Self-deportation is a concept supported by many conservatives as one of the chief means of reducing the number of people who have illegally entered the country and broken any number of laws in order to obtain employment, government benefits, or healthcare services.

Self-deportation is an idea supporting the belief that individuals here illegally will voluntarily leave the country, as they discover that what they illegally entered the country for his unavailable to them. This is achieved through what is often referred to as demagnetization, an attempt to remove the incentives available to those illegally in the country.

Self-deportation requires the enactment of no laws, only that current immigration, employment, and other laws already on the books be enforced. The chief magnet drawing illegal aliens to the United States is employment. Some employers often overlook or ignore the immigration status of workers, instead opting for the cheap labor provided by them. Often, these employees work off the books and pay no taxes. This practice hurts American workers as it reduces available jobs for US citizens and legal immigrants, as well as by artificially deflating the wage rate.

Self-deportation is the chief means by which the United States will be able to reduce the number of illegal immigrants in the country. Critics of those who favor strong anti-illegal immigration policies routinely state that it is impossible to "round up" and deport over 10 million illegal aliens. The answer to this is self-deportation, as the ability to live illegally in the country no longer becomes beneficial, and entering the country through proper means is beneficial.

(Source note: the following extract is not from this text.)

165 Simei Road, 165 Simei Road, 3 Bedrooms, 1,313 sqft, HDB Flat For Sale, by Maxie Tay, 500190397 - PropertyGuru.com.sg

There is some evidence that the concept of self-deportation works. The Pew Hispanic Center released a study in early 2012 that estimated the number of illegal immigrants from Mexico living in the United States dropped by roughly 1 million people, or about 15%, from 2007 to 2012. The chief explanation was the lack of jobs due to the recession and downturn in the economy. Unable to find work, these people self-deported. Similarly, making jobs unavailable to these illegal immigrants through tougher employment enforcement would have a similar effect.

People in favor of the concept of self-deportation typically favor strict immigration laws, a closed border, employment verification programs such as e-verify, and an increase in legal immigration. The increase in support for legal immigration highlights conservative efforts to support the rule of law and respect for the talents and ethics of those who wish to become US citizens the right way.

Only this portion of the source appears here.